- **Task input**
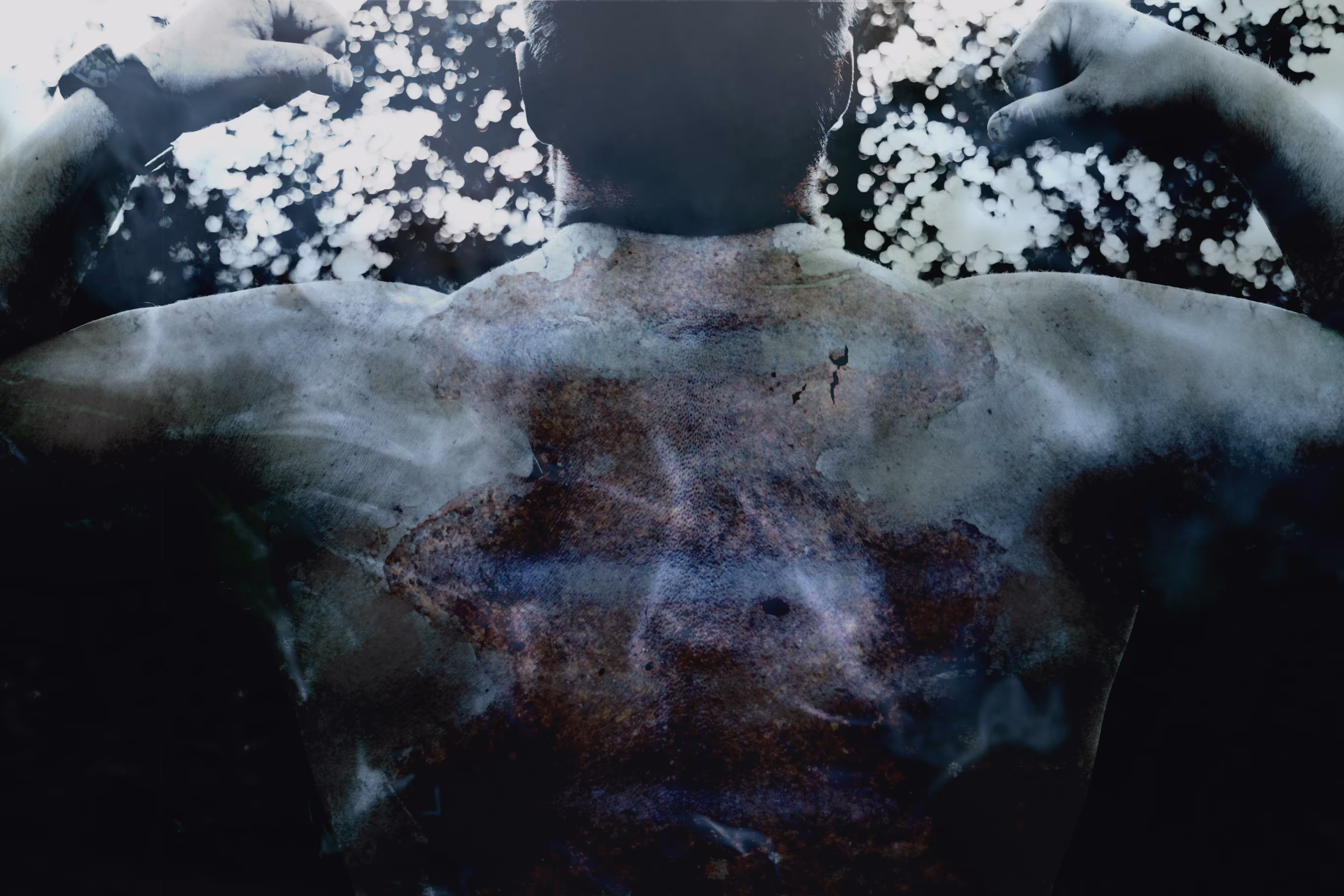 _scars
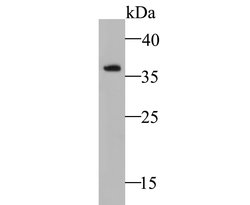 Invitrogen NDUFAF1 Recombinant Rabbit Monoclonal Antibody (JE47-18) 100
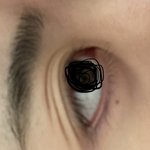 이런 눈 쌍수해야되나???
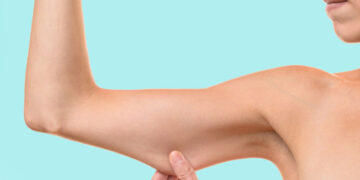 لاغری موضعی بازو با دستگاه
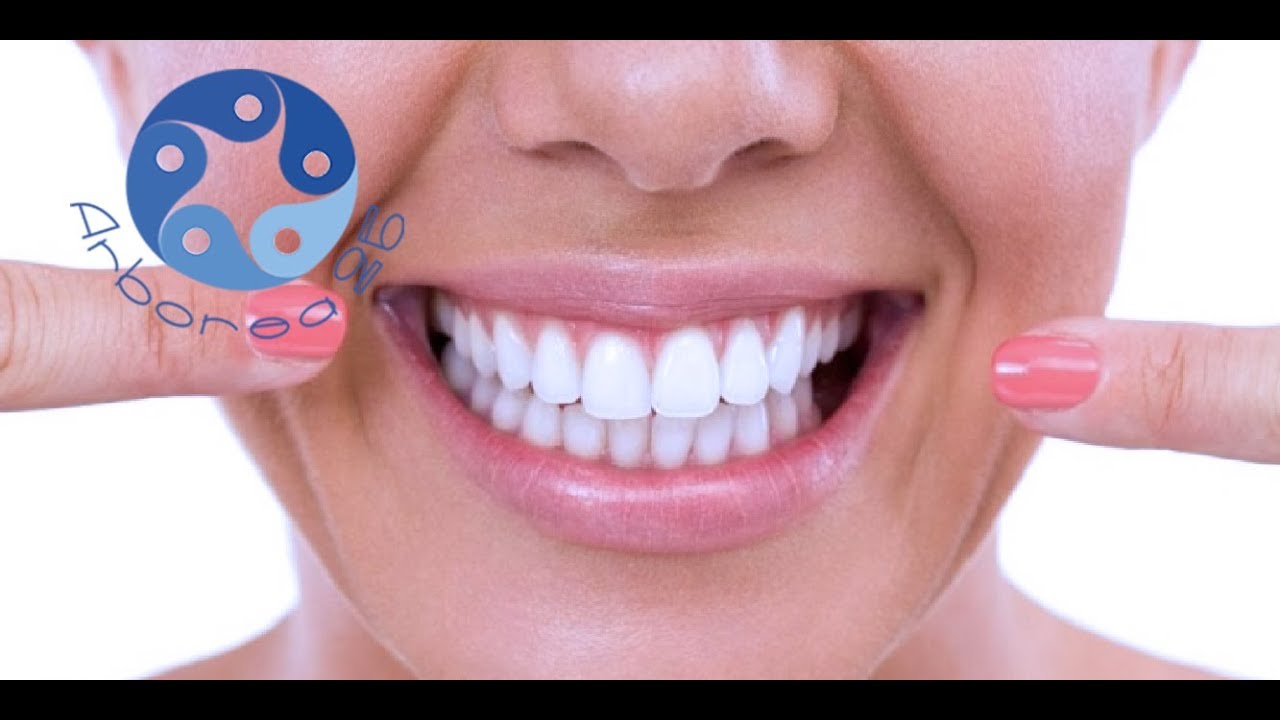 Smacchiamento dentale o sbiancamento: Che differenza c'è?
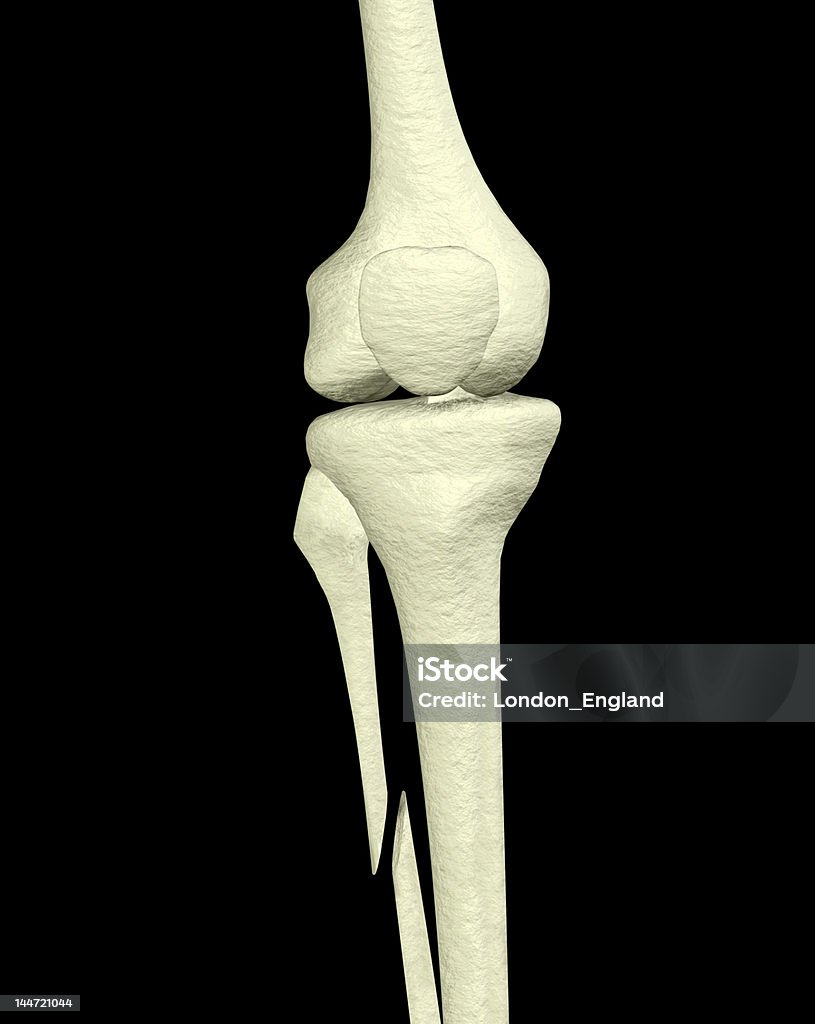 Jambe cassée - Photo de Anatomie libre de droits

- **What you will do**
Beginning with the line where "이런 눈 쌍수해야되나???" appears, reproduce every remaining line of the listing above, the last one included, but none of the pictures.

- **Output below**
 이런 눈 쌍수해야되나???
 لاغری موضعی بازو با دستگاه
 Smacchiamento dentale o sbiancamento: Che differenza c'è?
 Jambe cassée - Photo de Anatomie libre de droits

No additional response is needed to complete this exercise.